Network and data monitoring tools. Have your in-house tech team or a service provider use these tools to identify malicious activity.
Vulnerability scanning. Do this regularly to prevent exploits on documented vulnerabilities
Network segmentation. You could, for example, create separate network segments for students, staff, and critical and sensitive data. This helps ensure that, in the event of a cyberattack affecting one network segment, the others remain untouched.
Security awareness training. This should include educating staff (and students) to recognise phishing techniques and avoid clicking on links and attachments in emails from unknown senders.
Least privilege policy. Ensuring no-one has more access privileges than they need to perform their role helps prevent privilege escalation that allows an attacker to move through the network and cause damage or steal data.
Password management. A single sign-on or similar solution will help users maintain unique and complex passwords for logging in to an increasing number of apps and services.

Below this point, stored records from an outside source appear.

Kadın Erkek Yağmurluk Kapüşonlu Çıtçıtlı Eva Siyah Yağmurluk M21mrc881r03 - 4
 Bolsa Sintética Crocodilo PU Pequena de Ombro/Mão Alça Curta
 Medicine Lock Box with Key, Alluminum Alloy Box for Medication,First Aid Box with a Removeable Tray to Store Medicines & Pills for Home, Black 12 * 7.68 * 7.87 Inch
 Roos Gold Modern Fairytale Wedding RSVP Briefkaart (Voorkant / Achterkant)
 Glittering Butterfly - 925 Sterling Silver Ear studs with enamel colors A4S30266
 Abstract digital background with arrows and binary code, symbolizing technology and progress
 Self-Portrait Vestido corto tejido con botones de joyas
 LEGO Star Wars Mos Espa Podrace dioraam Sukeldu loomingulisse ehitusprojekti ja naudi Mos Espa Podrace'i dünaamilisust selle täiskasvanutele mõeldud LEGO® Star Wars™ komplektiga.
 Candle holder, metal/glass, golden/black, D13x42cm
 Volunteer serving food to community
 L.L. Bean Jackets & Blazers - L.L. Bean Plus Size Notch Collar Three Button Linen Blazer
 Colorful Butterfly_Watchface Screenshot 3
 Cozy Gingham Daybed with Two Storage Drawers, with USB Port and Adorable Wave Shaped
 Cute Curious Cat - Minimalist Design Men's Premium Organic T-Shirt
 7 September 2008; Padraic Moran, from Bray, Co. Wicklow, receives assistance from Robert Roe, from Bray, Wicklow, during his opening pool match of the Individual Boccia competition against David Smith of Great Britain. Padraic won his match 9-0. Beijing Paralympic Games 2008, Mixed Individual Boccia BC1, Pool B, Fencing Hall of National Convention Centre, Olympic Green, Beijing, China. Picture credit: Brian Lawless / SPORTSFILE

Vendor management. If you use third-party software or online platforms, make sure you understand the vendors' security posture. This includes their processes around incident response and data breaches, data encryption practices, uptime SLAs, and how recently they've undergone a security audit.
Heading into the 'new normal'
Even as schools have reopened and staff and students are back in the physical classroom, investing in network security will help you avoid the high price of a privacy violation or loss of confidential data. And given that we're still living through uncertain times, it pays to be ready to support a return to safe, secure remote teaching and learning at any moment.